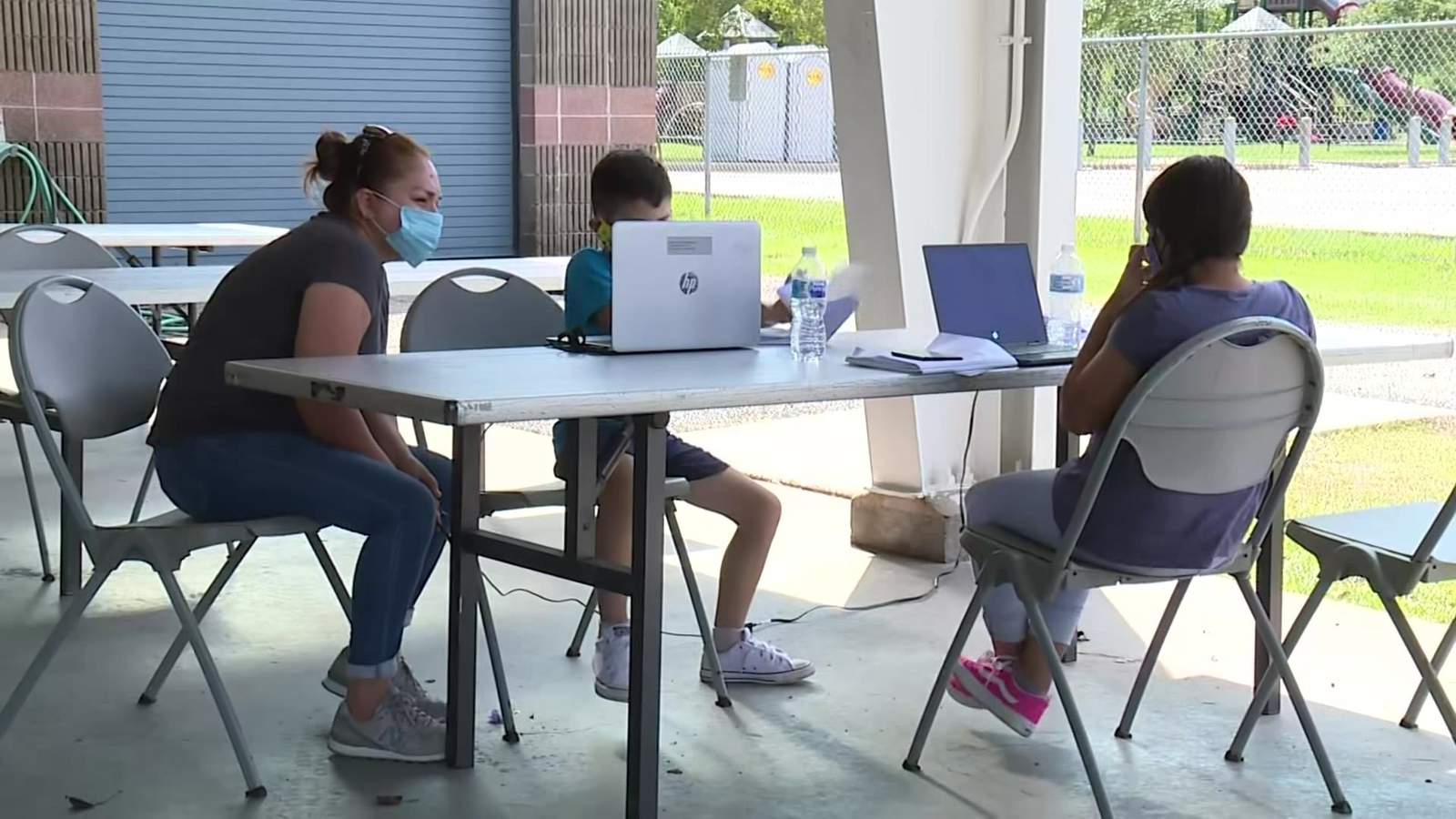 Study zones with free wifi help bridge digital divide for Harris County families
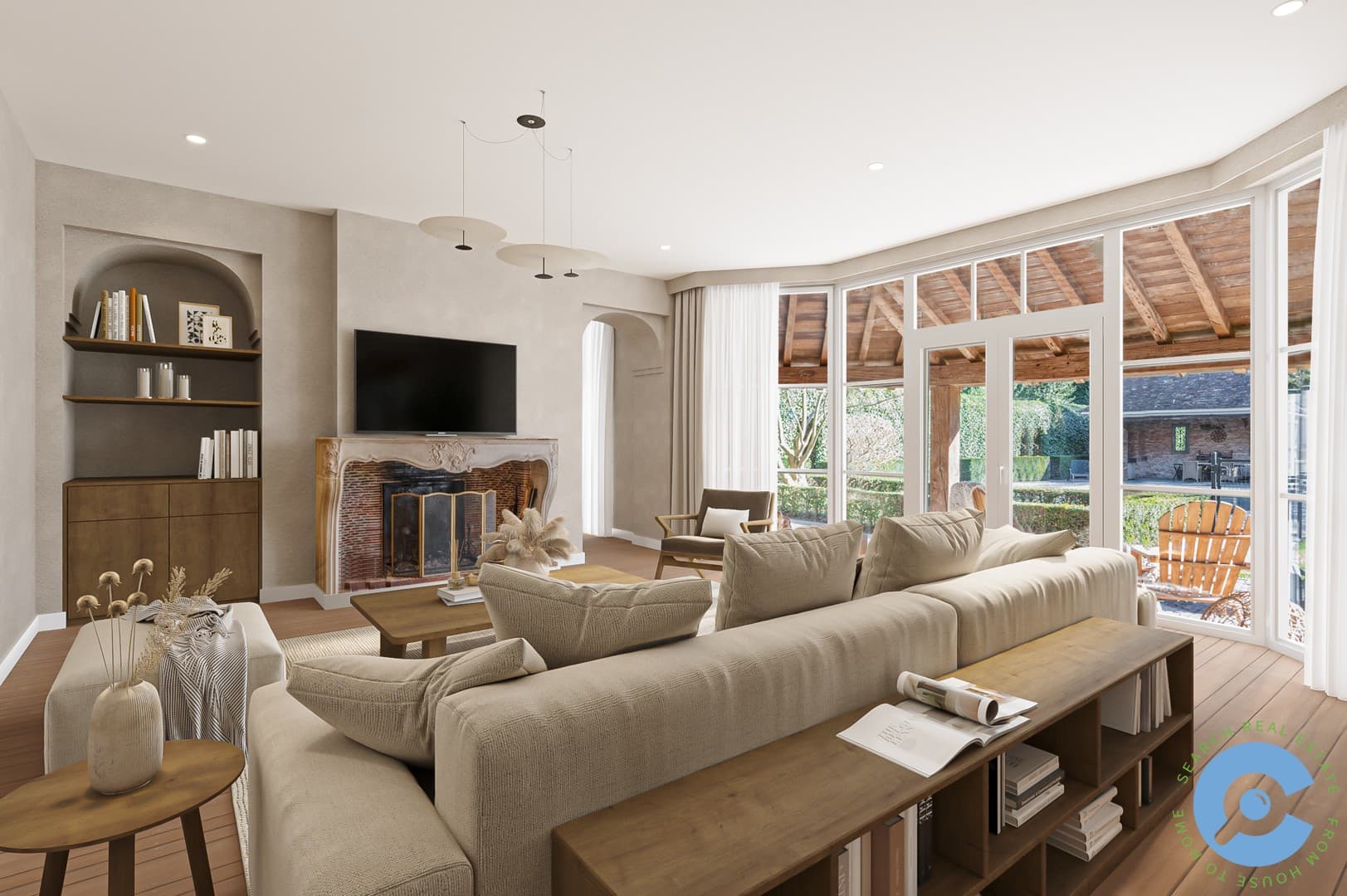 Exclusieve villa met parktuin en zwembad 9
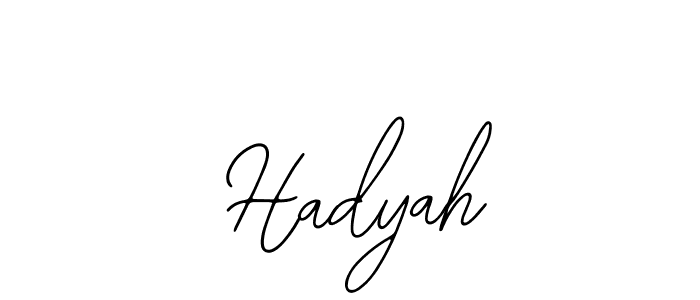  Hadyah stylish signature style. Best Handwritten Sign (Bearetta-2O07w) for my name. Handwritten Signature Collection Ideas for my name  Hadyah.  Hadyah signature style 12 images and pictures png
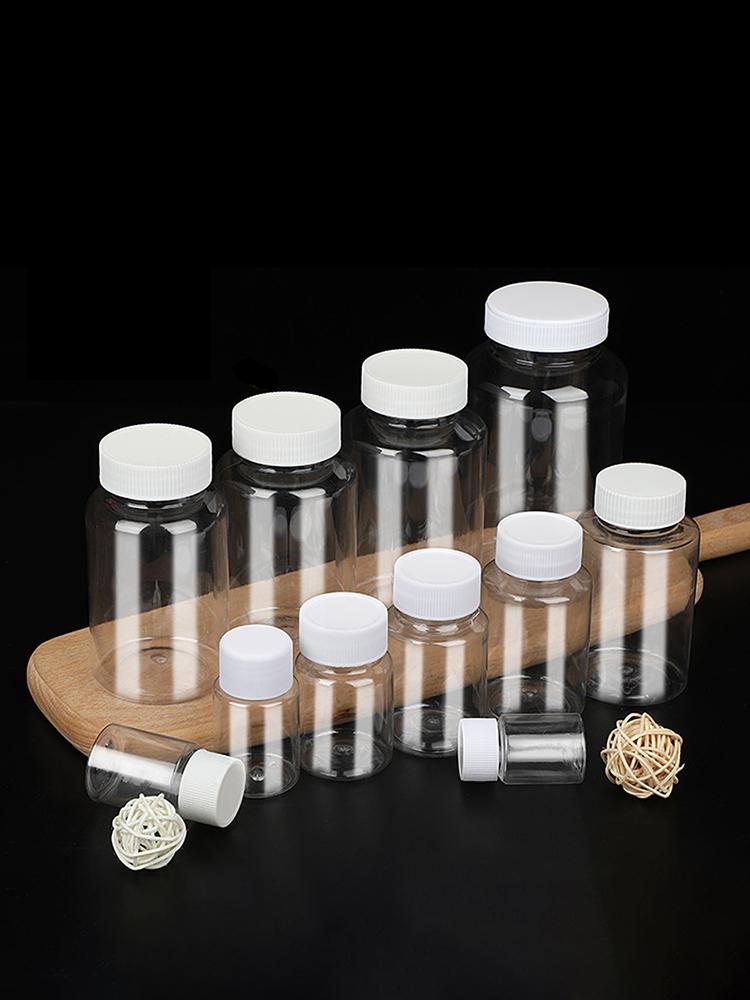 7PCS Refillable Travel Craft Vials Candy Split Pot Cosmetic Packaging Transparent Bottles Plastic Containers Travel Split Bottle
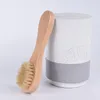 멧돼지 강모 페이셜 브러쉬 마사지 brushWooden 핸들 얼굴 청소 브러쉬 스킨 케어 청소 도구는 T2I5759을 가정 용품에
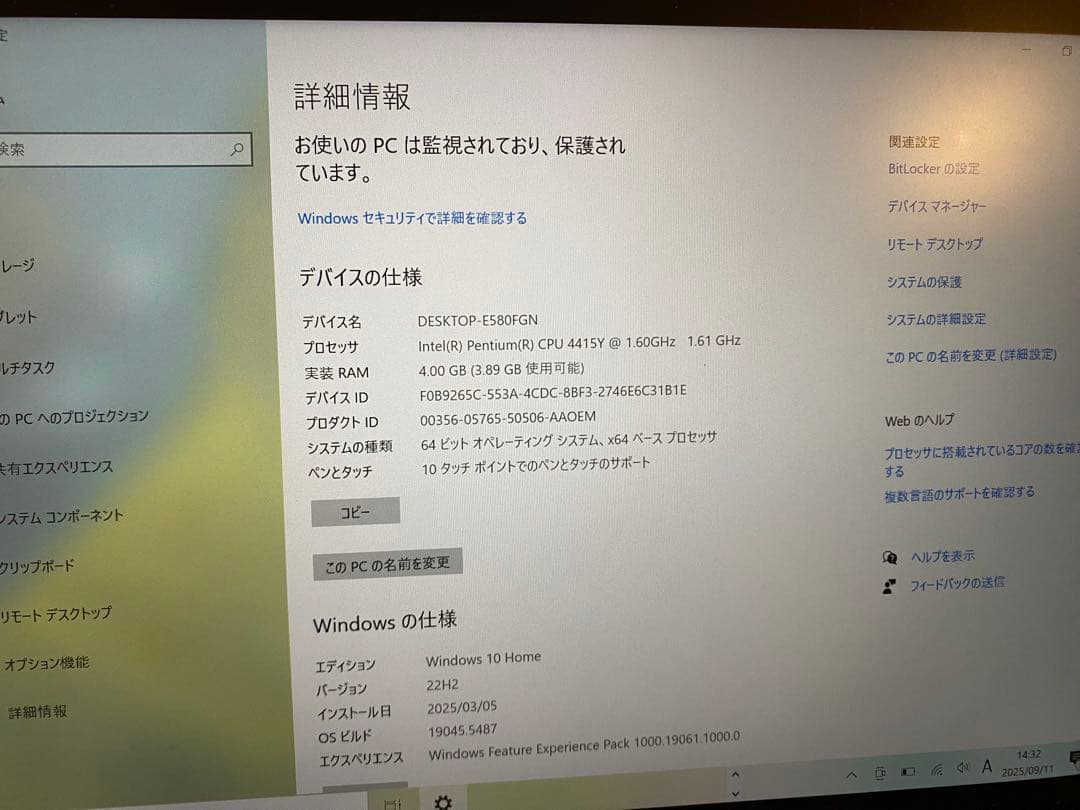 Surface Go Model:1824 64GB surfaceペン付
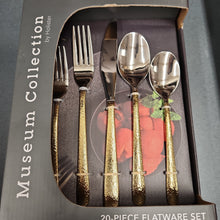 Load image into Gallery viewer, Pebble Beach Gold Flatware Service For 4
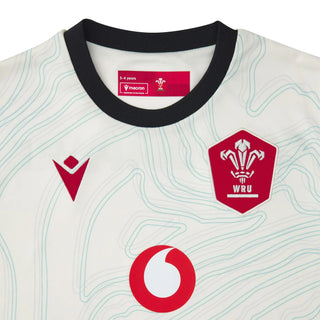 Macron Wales WRU 2025/26 Kids Away Rugby Shirt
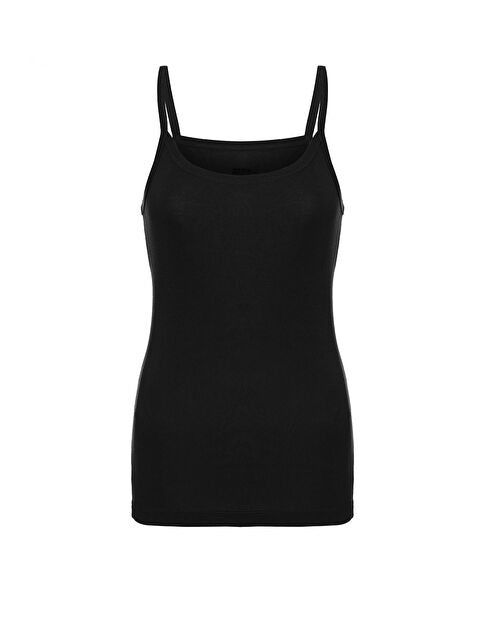 Tolin Kadın Pamuklu Düz Renk İp Askılı Atlet 1224 - S000075169-19351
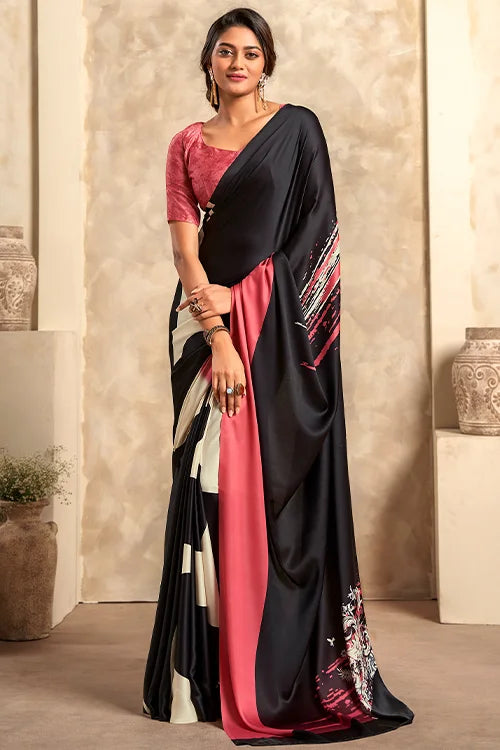 Black saree With Blouse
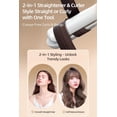 thumbnail image 4 of Cordless Hair Straightener, Negative Ion Flat Iron with 4-Level Temperature Control, Anti-Static Hair Iron, White, 4 of 14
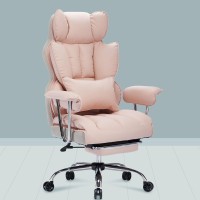 Efomao Desk Office Chair 400Lbs Big And Tall Office Chair Pu Leather Computer Chair Executive Office Chair With Foot Rest Li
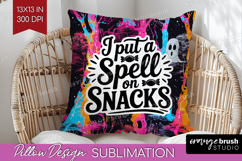 Sarcastic Quote Pillow Sublimation - Halloween Pillow Cover Product Image 1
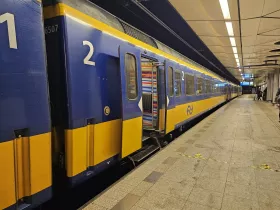 Train at "Schiphol Airport" station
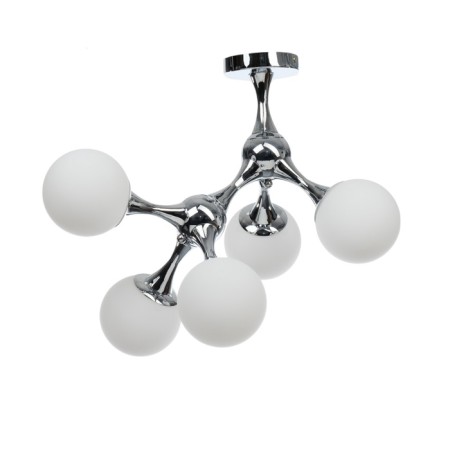 Chandelier "Molecule" 5he27 chrome 60x55x52 cm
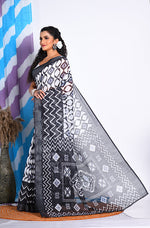 Thumbnail for Morchari Semi Digital Print Saree - Multicolour - Distacart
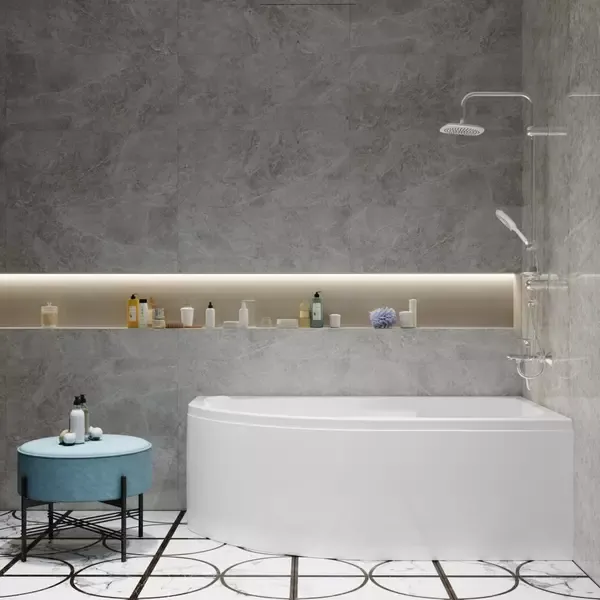 Акриловая ванна Triton София Щ0000067489 правая 150x95 см на Х-каркасе белый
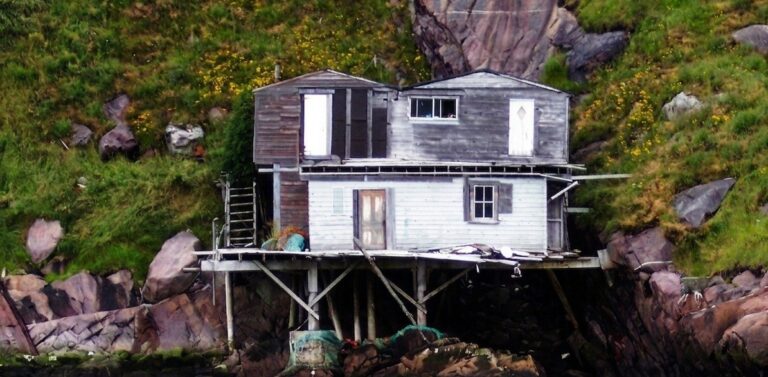 Fishing shack just outside the harbor in Saint John's Newfoundland - Cleaned up by Gemini-NanoB2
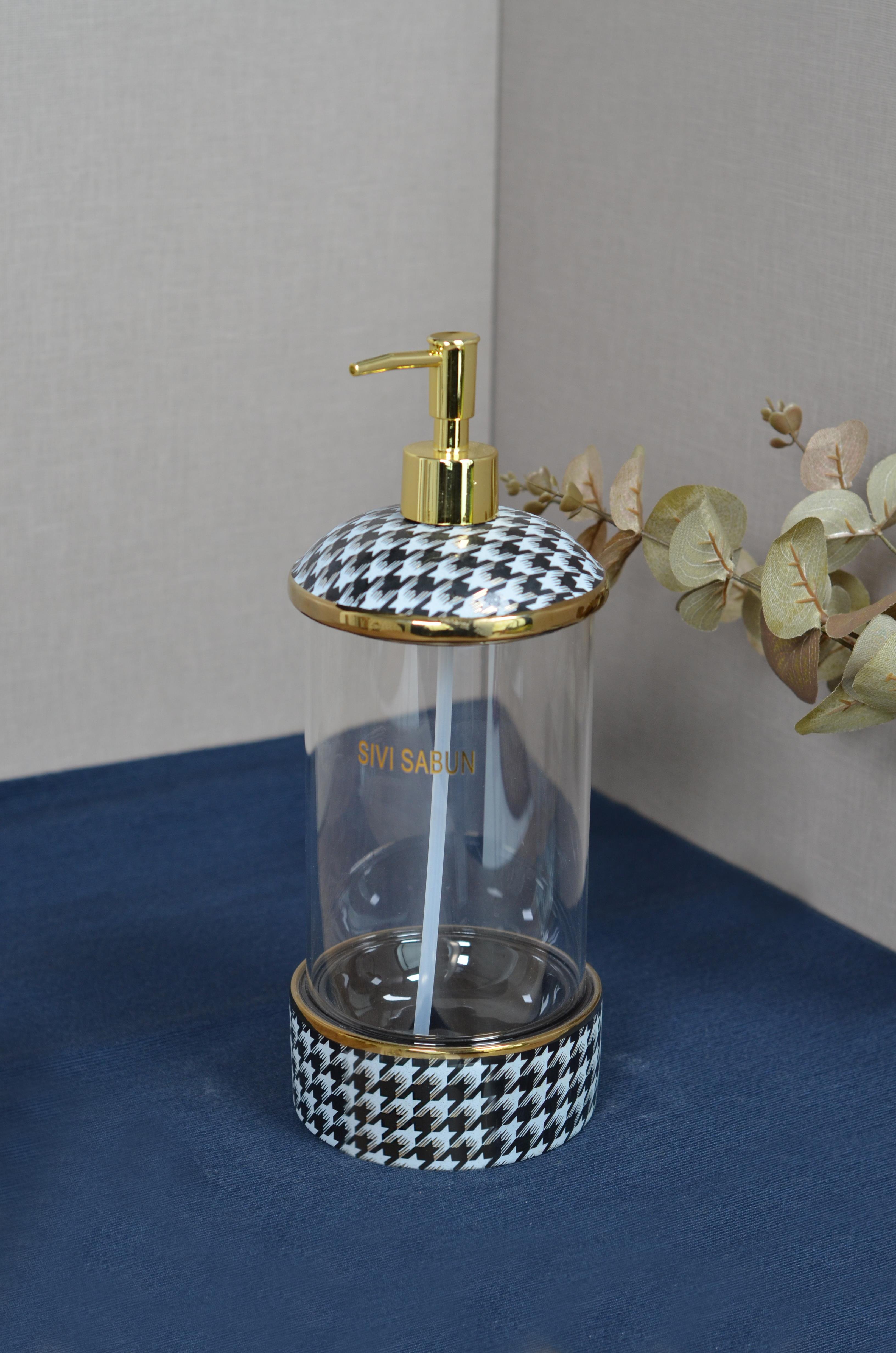 PAÇİ-LEO BATTAL TEKLİ CAM SIVI SABUNLUK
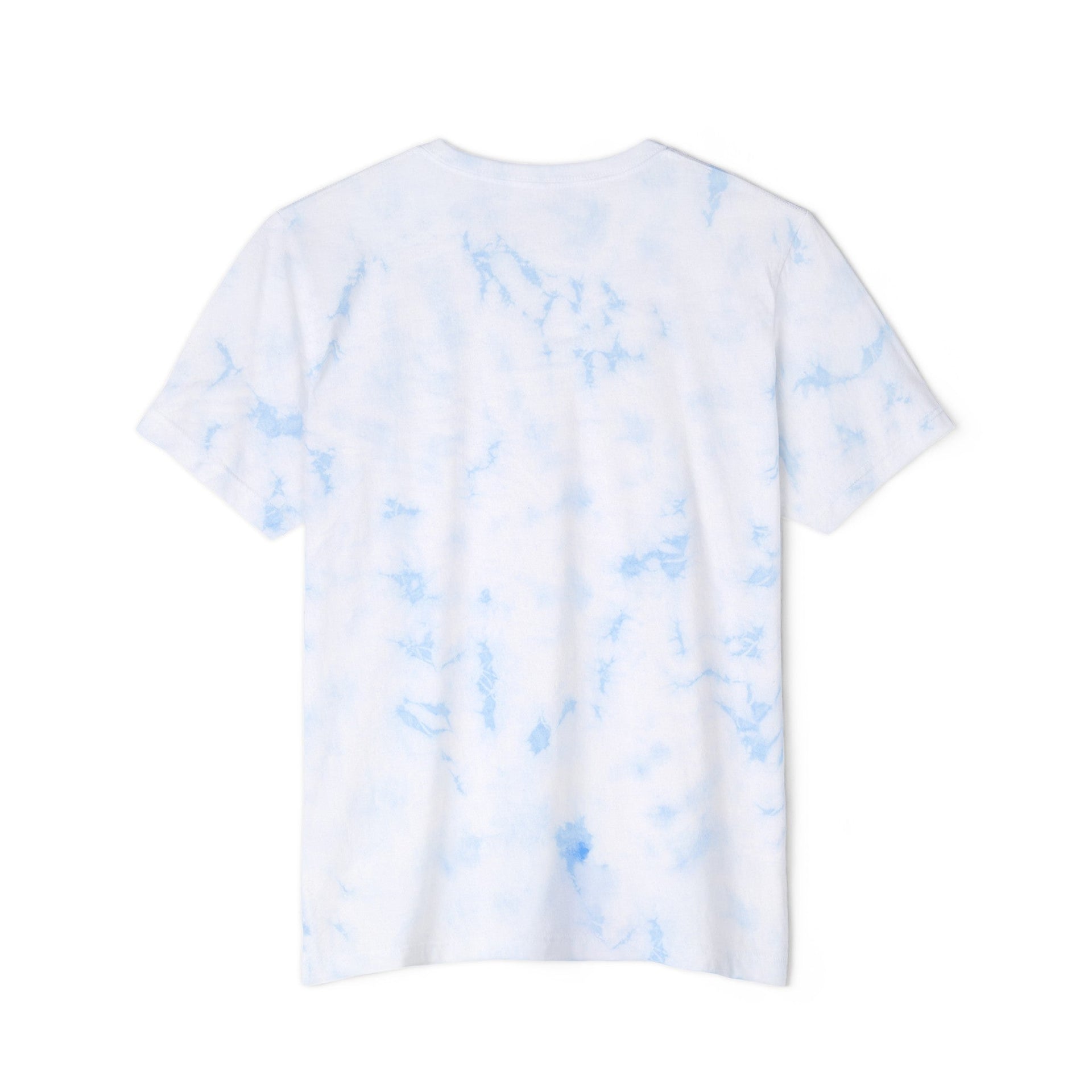 Unisex Tie-Dye Short Sleeve Crew Neck T-Shirt Modern Casual Top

※

# WORK REQUEST
Please, without any pictures, write out exactly the lines of the listing from its first line through the line that holds "Thumbnail for Morchari", ends included, and nothing beyond them.

# RESULT OF THIS EXERCISE
 Study zones with free wifi help bridge digital divide for Harris County families
 Exclusieve villa met parktuin en zwembad 9
  Hadyah stylish signature style. Best Handwritten Sign (Bearetta-2O07w) for my name. Handwritten Signature Collection Ideas for my name  Hadyah.  Hadyah signature style 12 images and pictures png
 7PCS Refillable Travel Craft Vials Candy Split Pot Cosmetic Packaging Transparent Bottles Plastic Containers Travel Split Bottle
 멧돼지 강모 페이셜 브러쉬 마사지 brushWooden 핸들 얼굴 청소 브러쉬 스킨 케어 청소 도구는 T2I5759을 가정 용품에
 Surface Go Model:1824 64GB surfaceペン付
 Load image into Gallery viewer, Pebble Beach Gold Flatware Service For 4
 Macron Wales WRU 2025/26 Kids Away Rugby Shirt
 Tolin Kadın Pamuklu Düz Renk İp Askılı Atlet 1224 - S000075169-19351
 Black saree With Blouse
 thumbnail image 4 of Cordless Hair Straightener, Negative Ion Flat Iron with 4-Level Temperature Control, Anti-Static Hair Iron, White, 4 of 14
 Efomao Desk Office Chair 400Lbs Big And Tall Office Chair Pu Leather Computer Chair Executive Office Chair With Foot Rest Li
 Sarcastic Quote Pillow Sublimation - Halloween Pillow Cover Product Image 1
 Train at "Schiphol Airport" station
 Chandelier "Molecule" 5he27 chrome 60x55x52 cm
 Thumbnail for Morchari Semi Digital Print Saree - Multicolour - Distacart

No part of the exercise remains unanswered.